In The Netherlands the civil registry is considered privacy sensitive information and not publicly accessible. You can get an extract of your personal information but you can't access the information of others, not even family or people who are already dead for use in genealogical research. Your records are opened to the public 100 years after death.


> retarded

Hey. Don't do that.


There are two ways handling registration processes. One way is to develop a registration system as little as possible, but then hoping not to deal with the papers later, because of the mess made in the process. Or, you develop a system thoroughly in the first place so that you don't have to deal much with the papers later, because the system was developed to avoid mess. Why patch fundamentally broken systems anyway? Why develop an interdependent system for personal data? There are different questions which reflect exactly the philosophy of eastern and western bureaucracy.

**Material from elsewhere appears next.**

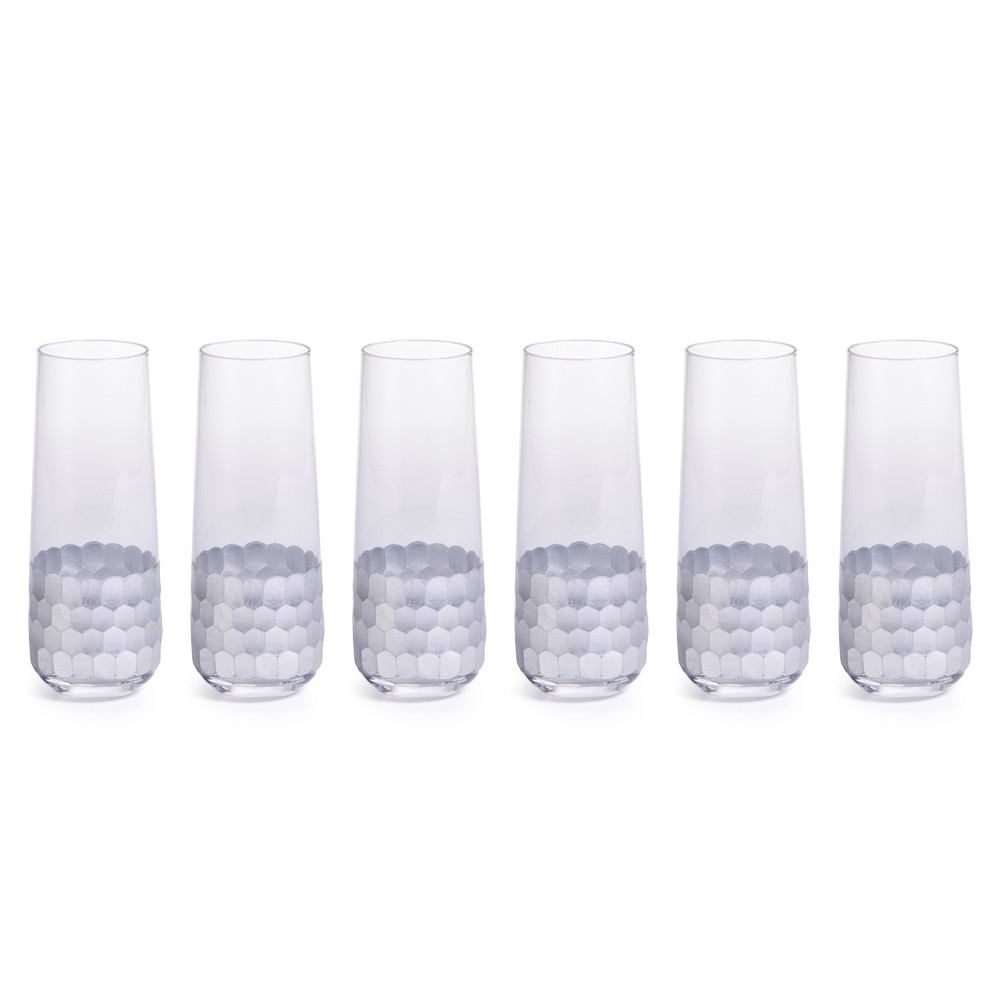 Zodax Vitorrio Stemless Silver Champagne Glasses - Set of 6 | Drinkware | Modishstore-2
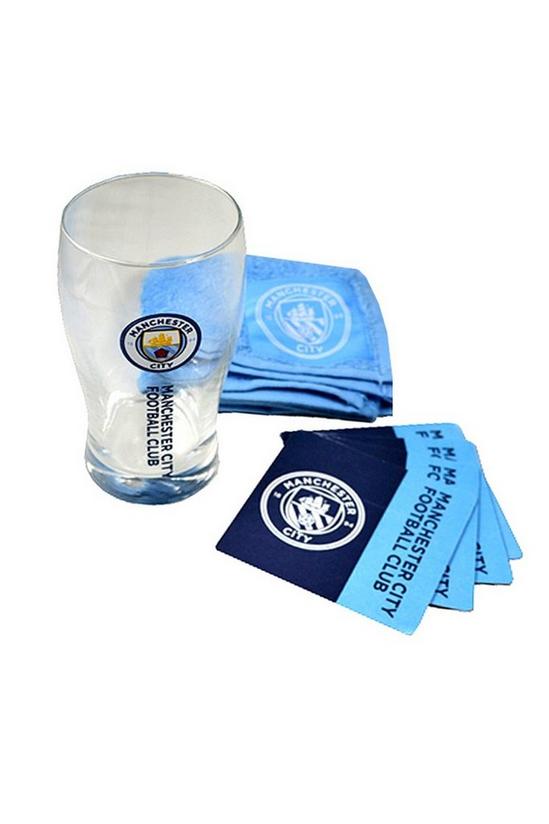 Manchester City FC Official Wordmark Mini Football Bar Set (Pint Glass, Towel & Beer Mats) 1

It is still impossible for couples to register a marriage without one legally assuming the other’s surname, an antediluvian restriction that was nonetheless found constitutional by the Supreme Court last year.

Interestingly, a workaround for this is to marry a foreigner. Japanese who marry non-japanese citizens don't need to switch their surnames.

As a data format, koseki are interesting because they are tied up with citizenship in a weird way. [1] The spouse variable only holds values of type citizen so people who marry foreigners have their spouse listed in the free-form description section. :-)

This has some drawbacks but in the case of having different surnames it gets you around the restriction.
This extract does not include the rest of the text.